The city had just received a €22.6 million loan from the European Investment Bank, the EU bank, to invest in various initiatives. One of these was a thermal waterpark called Nymphaea, which was then given to Ioana’s employer to operate. So Ioana went to other parks in neighbouring countries to research best practices.

“It wasn’t for fun,” she stresses.

You don’t believe her? In every city that they visited, they went to the local waterpark, the zoo and… the cemetery. This surprising agenda is because Administraţia Domeniului Public SA in Oradea manages not only the waterpark, but also the local zoo, the city’s cemetery, and even a shelter for dogs. The company finances all of its activities out of its independent revenues.

Ioana is the IT manager in the municipal company. She oversees the websites for the zoo and the aqua park, the security of the websites, online promotion of the parks, customer support, and even the security system with all the surveillance cameras. She is also responsible for the IT system that allows clients of the waterpark to pay for services or open their lockers with a computer chip in their wristband—a system she saw in many of the other waterparks in Europe.

Romania waterpark job fills the park

She is most proud of creating an online booking system for the park which allows clients to buy their tickets in advance—and not have to worry that once they show up, the park is already full.

“In summer we can fit 2 000 people in, but we were already fully booked through the online system for some of the holidays and for two weeks in August,” she says.
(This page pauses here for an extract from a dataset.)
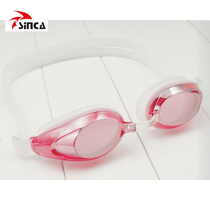 Shengjia (Hong Kong)Waterproof HD anti-fog enhanced multi-color goggles S912F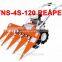 THE TNS-4S-120 agricultural reaper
Ioana’s job is one of millions created with the support of the EU bank.  If you take the investments signed by the EIB Group in 2017 alone, for example, these are expected to have raised EU GDP by 1.1% and to have created 1.2 million jobs by 2021.  Even in 2036, there will still be a 0.7% increase in EU GDP as a result of the EIB's investments from that one single year, as well as 650,000 extra jobs.

The Oradea waterpark provides employment to a lot of young people. It currently employs 131 people, with an average age of just 26, and provides part-time jobs for many students. Ioana, a former stockbroker, found her current job when she heard that the municipal company about to start operating the waterpark has a manager with a “western vision”, looking to hire young people who share this outlook.

“He taught me that management can be done through a positive attitude, smiling, listening and applying rules in a transparent and uniform way,” Ioana says. She considers herself very lucky to be able to work in the team. Having obtained a Master’s degree in management, she’s still learning a lot more.

So is Ioana unhappy that in her missions to all the waterparks in Central Europe she did not get to go down all the exciting white-water raft rides? No, it turns out.

“I’m actually scared of the slides,” she says. One thing she’s definitely not scared of: new challenges.